PROVIDED DATA START

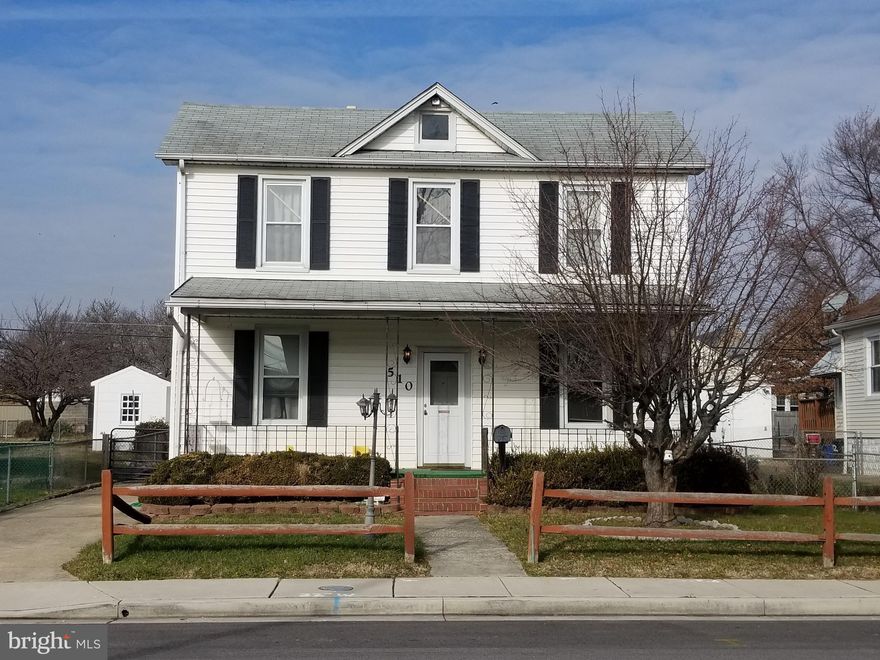 Handy Man Special. Drive Thru Garage with room for 4 cars plus a large driveway and a large lot.  This large home offers an updated kitchen and four large bedrooms. Covered front porch to relax on and traditional characteristics inside the home and hardwood under carpet(most rooms).  Move in now or renovate. AS-IS . Motivated Seller! Title work has been complete with North American Title.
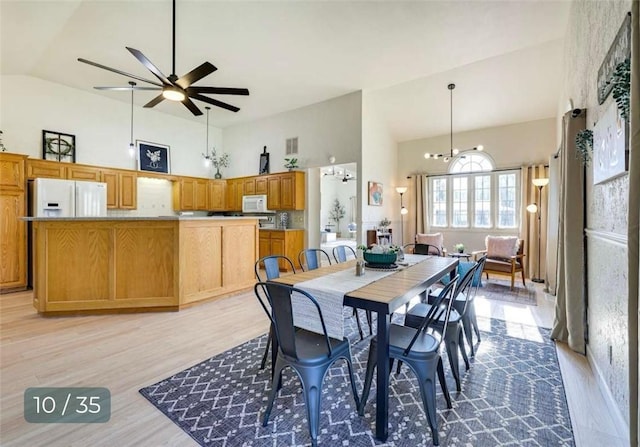 5 Horseshoe Dr, Holiday Island, AR 72631 - dining space with high vaulted ceiling, light wood finished floors, and ceiling fan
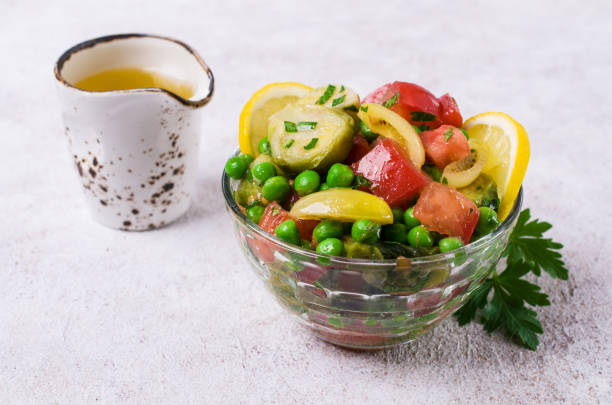 Salad with raw slices of vegetables Salad with raw slices of vegetables in a dish on the table. Selective focus. kosher starter recipes stock pictures, royalty-free photos & images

PROVIDED DATA END

* _PROBLEM TO SOLVE_
"5 Horseshoe Dr, Holiday" marks the first line to copy; copy that line and every line after it through the last line of the listing, exactly and without pictures.

* _EXPECTED OUTPUT_
 5 Horseshoe Dr, Holiday Island, AR 72631 - dining space with high vaulted ceiling, light wood finished floors, and ceiling fan
 Salad with raw slices of vegetables Salad with raw slices of vegetables in a dish on the table. Selective focus. kosher starter recipes stock pictures, royalty-free photos & images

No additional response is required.